Introduction Obesity is a growing public health concern worldwide, leading to various chronic diseases such as diabetes, cardiovascular disorders, and hypertension. Understanding obesity patterns through data analysis can help identify risk factors and develop preventive strategies. This project applies machine learning clustering techniques to obesity-related data to segment individuals into meaningful groups based on their health characteristics. By identifying different obesity clusters, we can gain insights into potential risk factors and lifestyle patterns associated with obesity.
Dataset Overview The dataset used in this project contains various features related to individuals’ demographic, lifestyle, and health attributes. These include age, gender, BMI (Body Mass Index), physical activity levels, dietary habits, and medical history. Before applying clustering algorithms, data preprocessing was performed, including handling missing values, scaling numerical features, and encoding categorical variables. The dataset was then split into training and testing sets for further analysis.

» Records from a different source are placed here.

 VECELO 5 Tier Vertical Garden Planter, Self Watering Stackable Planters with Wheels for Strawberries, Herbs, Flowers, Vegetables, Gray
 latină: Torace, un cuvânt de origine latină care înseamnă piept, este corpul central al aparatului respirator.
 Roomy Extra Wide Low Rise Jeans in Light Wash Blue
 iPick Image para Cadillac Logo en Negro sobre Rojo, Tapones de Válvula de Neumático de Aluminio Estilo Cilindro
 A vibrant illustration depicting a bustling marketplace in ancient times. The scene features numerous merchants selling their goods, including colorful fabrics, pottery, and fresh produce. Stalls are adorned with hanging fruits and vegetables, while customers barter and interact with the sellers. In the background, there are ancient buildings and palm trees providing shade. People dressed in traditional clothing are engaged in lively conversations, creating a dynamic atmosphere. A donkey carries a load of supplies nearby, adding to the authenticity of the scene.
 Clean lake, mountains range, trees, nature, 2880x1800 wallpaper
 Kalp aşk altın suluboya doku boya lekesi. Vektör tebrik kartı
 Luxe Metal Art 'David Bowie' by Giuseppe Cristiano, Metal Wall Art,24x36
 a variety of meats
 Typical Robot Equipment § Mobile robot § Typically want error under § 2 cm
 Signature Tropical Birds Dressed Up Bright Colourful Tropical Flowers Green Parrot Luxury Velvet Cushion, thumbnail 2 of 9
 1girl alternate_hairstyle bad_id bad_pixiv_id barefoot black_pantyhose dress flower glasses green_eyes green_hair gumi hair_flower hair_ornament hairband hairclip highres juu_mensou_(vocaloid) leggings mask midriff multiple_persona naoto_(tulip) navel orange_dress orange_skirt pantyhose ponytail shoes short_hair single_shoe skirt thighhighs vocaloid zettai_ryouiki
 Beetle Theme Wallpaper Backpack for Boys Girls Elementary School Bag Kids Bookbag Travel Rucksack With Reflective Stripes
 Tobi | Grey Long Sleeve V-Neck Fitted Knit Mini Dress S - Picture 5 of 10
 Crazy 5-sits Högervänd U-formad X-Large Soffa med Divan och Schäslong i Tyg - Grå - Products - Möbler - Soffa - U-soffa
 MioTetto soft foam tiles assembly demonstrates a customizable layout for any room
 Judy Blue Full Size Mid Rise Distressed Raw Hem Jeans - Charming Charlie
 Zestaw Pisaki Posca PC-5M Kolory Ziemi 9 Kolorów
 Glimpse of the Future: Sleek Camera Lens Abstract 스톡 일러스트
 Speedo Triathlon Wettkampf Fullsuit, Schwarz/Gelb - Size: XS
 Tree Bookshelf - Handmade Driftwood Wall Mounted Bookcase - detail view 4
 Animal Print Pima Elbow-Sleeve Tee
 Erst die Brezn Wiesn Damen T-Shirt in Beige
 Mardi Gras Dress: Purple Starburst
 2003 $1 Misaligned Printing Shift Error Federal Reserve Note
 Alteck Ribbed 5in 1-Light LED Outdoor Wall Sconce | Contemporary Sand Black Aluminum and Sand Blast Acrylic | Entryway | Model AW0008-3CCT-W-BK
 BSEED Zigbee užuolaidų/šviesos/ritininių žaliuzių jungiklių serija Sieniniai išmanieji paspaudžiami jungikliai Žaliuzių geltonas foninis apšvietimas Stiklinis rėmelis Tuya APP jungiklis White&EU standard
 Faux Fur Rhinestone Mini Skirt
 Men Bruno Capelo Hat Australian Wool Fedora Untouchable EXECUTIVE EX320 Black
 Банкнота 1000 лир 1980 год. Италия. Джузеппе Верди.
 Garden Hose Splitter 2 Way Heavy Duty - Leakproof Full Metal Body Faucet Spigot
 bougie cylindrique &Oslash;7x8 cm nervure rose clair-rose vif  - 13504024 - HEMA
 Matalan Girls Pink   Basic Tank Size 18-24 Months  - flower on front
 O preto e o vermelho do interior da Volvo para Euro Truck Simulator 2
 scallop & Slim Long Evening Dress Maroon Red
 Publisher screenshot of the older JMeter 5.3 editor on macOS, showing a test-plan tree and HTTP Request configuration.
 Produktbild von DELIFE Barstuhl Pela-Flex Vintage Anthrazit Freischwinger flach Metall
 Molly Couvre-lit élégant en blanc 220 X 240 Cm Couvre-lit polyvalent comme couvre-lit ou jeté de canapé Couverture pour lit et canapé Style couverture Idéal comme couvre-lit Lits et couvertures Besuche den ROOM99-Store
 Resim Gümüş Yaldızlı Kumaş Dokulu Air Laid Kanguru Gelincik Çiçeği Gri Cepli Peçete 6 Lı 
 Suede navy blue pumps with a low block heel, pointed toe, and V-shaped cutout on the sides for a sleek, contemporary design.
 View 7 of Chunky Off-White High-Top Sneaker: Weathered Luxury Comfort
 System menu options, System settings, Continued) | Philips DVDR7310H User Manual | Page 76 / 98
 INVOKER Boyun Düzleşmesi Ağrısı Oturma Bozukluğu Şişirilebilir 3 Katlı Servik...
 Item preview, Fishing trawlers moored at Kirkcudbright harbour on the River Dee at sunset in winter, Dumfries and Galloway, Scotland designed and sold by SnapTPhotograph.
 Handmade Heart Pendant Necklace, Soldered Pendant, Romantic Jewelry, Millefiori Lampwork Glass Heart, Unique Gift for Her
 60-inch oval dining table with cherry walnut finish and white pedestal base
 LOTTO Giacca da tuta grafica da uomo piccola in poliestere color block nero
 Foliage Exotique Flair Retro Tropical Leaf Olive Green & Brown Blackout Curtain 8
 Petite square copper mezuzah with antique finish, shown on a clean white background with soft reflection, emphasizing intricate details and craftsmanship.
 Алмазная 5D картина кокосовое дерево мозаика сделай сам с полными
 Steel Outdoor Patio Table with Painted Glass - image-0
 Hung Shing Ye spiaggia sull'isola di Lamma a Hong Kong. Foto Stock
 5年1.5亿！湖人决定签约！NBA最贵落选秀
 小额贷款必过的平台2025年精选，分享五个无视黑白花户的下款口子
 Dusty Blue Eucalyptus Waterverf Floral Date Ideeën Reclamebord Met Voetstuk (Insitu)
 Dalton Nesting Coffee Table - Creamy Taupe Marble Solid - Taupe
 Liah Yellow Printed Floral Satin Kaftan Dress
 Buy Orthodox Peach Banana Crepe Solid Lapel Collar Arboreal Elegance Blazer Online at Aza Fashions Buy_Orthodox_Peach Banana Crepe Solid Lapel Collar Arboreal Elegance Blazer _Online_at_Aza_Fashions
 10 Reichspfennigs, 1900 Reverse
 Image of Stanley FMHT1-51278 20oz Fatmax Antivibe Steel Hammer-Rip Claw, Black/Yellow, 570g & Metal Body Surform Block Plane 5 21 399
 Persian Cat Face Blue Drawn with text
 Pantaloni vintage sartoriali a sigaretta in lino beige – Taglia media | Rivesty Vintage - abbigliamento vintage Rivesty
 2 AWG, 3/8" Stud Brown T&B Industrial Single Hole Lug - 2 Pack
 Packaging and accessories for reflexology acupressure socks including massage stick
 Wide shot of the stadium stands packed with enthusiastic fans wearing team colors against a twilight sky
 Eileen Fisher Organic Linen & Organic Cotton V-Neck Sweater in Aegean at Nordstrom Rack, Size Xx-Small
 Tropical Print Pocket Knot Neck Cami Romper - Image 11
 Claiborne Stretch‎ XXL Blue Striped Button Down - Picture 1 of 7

Methodology The analysis begins with data preprocessing, where numerical features are standardized using scikit-learn’s StandardScaler, and categorical variables are encoded using Label Encoding. After preparing the data, various clustering algorithms such as K-Means, Hierarchical Clustering, and DBSCAN are applied to segment individuals into different obesity risk categories. The optimal number of clusters is determined using methods like the Elbow Method and Silhouette Score. The results of each clustering approach are then compared to assess which method provides the most meaningful segmentation of the data.